Config Layers MHSA layers Heads Params (≈) TBPTT_len Batch Peak VRAM*
Baseline (no MHSA) 4 0 3 / 3 ~6.9M 1024–2048 16 ~11–13 GB
Sparse MHSA 6 2 (every 3) 3 / 3 ~9.3M 256–1024 8–16 ~18–22 GB

*Measured on a 48 GB GPU with AMP; numbers vary with sequence length and allocator state.
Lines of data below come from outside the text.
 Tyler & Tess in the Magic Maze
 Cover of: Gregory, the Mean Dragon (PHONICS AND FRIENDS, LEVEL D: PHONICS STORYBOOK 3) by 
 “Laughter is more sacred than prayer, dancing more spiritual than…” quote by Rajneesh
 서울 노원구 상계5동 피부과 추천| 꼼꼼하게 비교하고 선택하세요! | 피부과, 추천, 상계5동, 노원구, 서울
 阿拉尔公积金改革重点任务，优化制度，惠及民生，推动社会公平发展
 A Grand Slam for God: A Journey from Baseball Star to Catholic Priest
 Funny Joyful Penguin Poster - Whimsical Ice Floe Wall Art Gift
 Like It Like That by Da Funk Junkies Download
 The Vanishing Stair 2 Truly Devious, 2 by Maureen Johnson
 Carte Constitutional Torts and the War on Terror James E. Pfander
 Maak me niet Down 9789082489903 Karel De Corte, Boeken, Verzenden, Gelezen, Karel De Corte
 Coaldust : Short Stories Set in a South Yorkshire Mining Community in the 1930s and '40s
Training & Memory Management (TBPTT)

  • TBPTT: backprop every tbptt_len steps, then detach SSM / KV states to cap graph size and free old activations.
  • Stability tricks: AMP, gradient clipping, conservative warm‑up, and (if needed) a first mini‑epoch using a tiny tbptt_len to let the CUDA allocator settle.
  • LR schedule: short warm‑up (2–5%), then cosine decay to lr_min = base_lr × 1e‑4.

Hyperparameters

  • No MHSA: d_model ≈ 256, 4 layers, tbptt_len = 1k–2k, dropout ≈ 0.1, weight decay ≈ 1e‑2, LR ≈ 1e‑4 (AdamW).
  • Sparse MHSA: keep d_model similar, insert MHSA every 3–4 layers, num_heads = 4, smaller tbptt_len (256–1k), weight decay ≈ 3e‑2, LR ≈ 3e‑5–8e‑5.

Repository Structure

├── models
│   ├── blocks/
│   │   ├── mamba2_block.py
│   │   └── mamba2_enhanced_block.py
│   ├── modules/
│   │   └── multihead_attention.py
│   └── mamba2_multitask.py
├── datasets/
│   └── window_dataset.py
├── utils/
│   ├── train_val.py
│   └── misc.py
├── preprocess/
│   ├── make_labels.py
│   └── make_features.py
├── configs/
│   ├── config_baseline.py
│   └── config_mhsa.py
└── train.py

Notes

  • Always verify no future‑looking columns sneak into features.
  • CUDA OOM can still happen if tbptt_len or KV cache grows unchecked—monitor and tune.
  • If loss spikes to NaN: lower LR, tighten grad clip, or disable MHSA first.